Industry players, however, have opposed the proposal, accusing Dangote of attempting to dominate the LPG market. They voiced their concerns on Monday, fearing the possibility of monopolistic control.

During a recent inspection of his refinery by both local and international visitors, Dangote pointed out that the current cost of cooking gas is too high and beyond the reach of ordinary Nigerians who rely on firewood.

He mentioned that the refinery is now capable of producing 22,000 tonnes of LPG daily, and efforts are underway to increase output for local distribution, especially as more Nigerians adopt gas for cooking.

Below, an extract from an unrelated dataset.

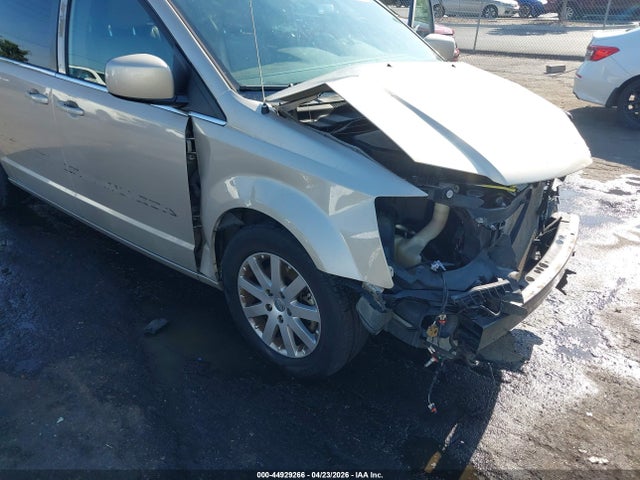 Продаж на аукціоні авто 2014 Chrysler Town & Country Touring, vin: 2C4RC1BGXER216952, номер лоту: 44929266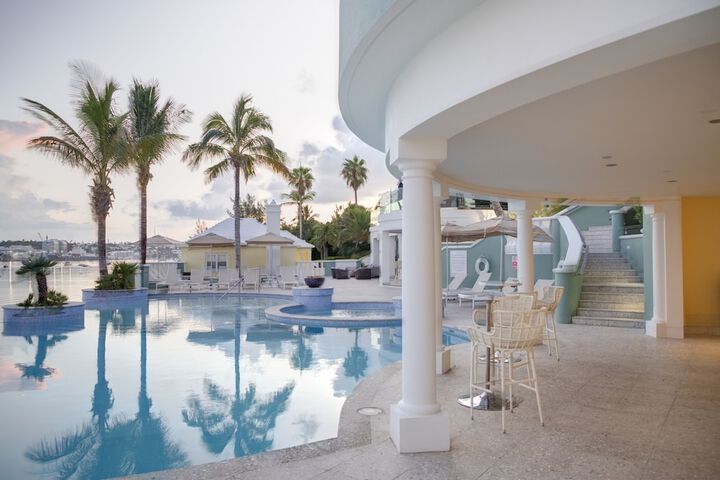 Hotel with Pool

Addressing members of the Lagos Business School CGEO Africa at his Lekki refinery, Dangote stated, “The one that we didn’t write, which you must have seen, is LPG. Currently, we do LPG of about 2,000 tonnes per day. You know Nigeria is gradually moving to the usage of LPG. But I believe it is expensive, but right now we’re trying to bring down the price and make it cheaper.”

Dangote cautioned that “if the distributors are not trying to bring it down, we’ll go directly and sell to the consumers, so that people will now transit from firewood or kerosene to LPG for cooking.”

It was earlier reported that Dangote plans to begin nationwide direct distribution of petrol, diesel, and aviation fuel in August, using 4,000 CNG-powered buses.

At present, cooking gas sells for between N1,000 and N1,300 per kilogramme. Dangote aims to reduce this to make it more accessible.

Operators kick

LPG market stakeholders appear displeased with Dangote’s plan to shake up the sector.

In an interview with our correspondent, the former Chairman of the LPG and Natural Gas Downstream Group of the Lagos Chamber of Commerce and Industry, Godwin Okoduwa, labelled the move monopolistic.

Okoduwa stressed that Dangote must acknowledge the efforts of investors who expanded the LPG market from 70,000 metric tonnes in 2007 to over 1 million metric tonnes by 2022. He emphasized the importance of cooperation.

“I think it’s monopolistic. I think a market should be protected to encourage growth. The LPG industry in Nigeria grew from 70,000 metric tonnes in 2007 to over 1.3 million tonnes in 2022. That was done by collaboration — collaboration with the Federal Government, the NLNG, and offtakers. Everything was done in collaboration. It grew from 70,000 to 250 to 800, and now over a million,” Okoduwa said.

He argued that monopoly cannot drive growth, but collaboration can. “Today, we are just under 5kg or 6kg per capita consumption in terms of LPG. Other countries are doing much more. South Africa is doing double digits, Morocco and Tunisia are doing double digits. We can do much more.

“So, we should, as an industry and as a country, focus on how to grow the LPG industry and not allow someone (to frustrate the players). Yes, he has invested; yes, it’s a capital economy, but he should not be allowed to frustrate the players.

“There are people who have spent money, spent resources, even business and development, and someone just comes in to reap from the work that has been done. I’m sure he wouldn’t have built if there had not been an existing market. The work has been done, he should respect the market and let us grow. It shouldn’t be a zero-sum strategy. It should be collaborative,” he said.

He recommended that despite having a significant advantage, Dangote should pursue collaboration.

“My advice to him is that the pie can be bigger. The Nigerian market is about 1.3 million tonnes. The Nigerian LPG market can be 5 million tonnes. He should work towards collaboration rather than competition, because at the end of the day, everybody benefits,” he added.

When told that Dangote’s main goal is to lower gas prices so everyone can afford it and reduce firewood use, Okoduwa responded, “I have news for him. He should go to the Northeast, where you have the least consumption of LPG. He should go to the Northeast and start developing the LPG infrastructure there. I think we will tell him thank you for that.”

In a similar vein, the Executive Secretary/Chief Executive Officer of the Nigerian Association of Liquefied Petroleum Gas Marketers, Bassey Essien, expressed doubt about Dangote’s ability to sell gas directly to consumers or significantly reduce prices.

“I am saying that it’s unrealistic. What is the position with PMS? Has the refinery been able to sell petrol directly to you and me into our cars at a very cheap rate?” Essien asked.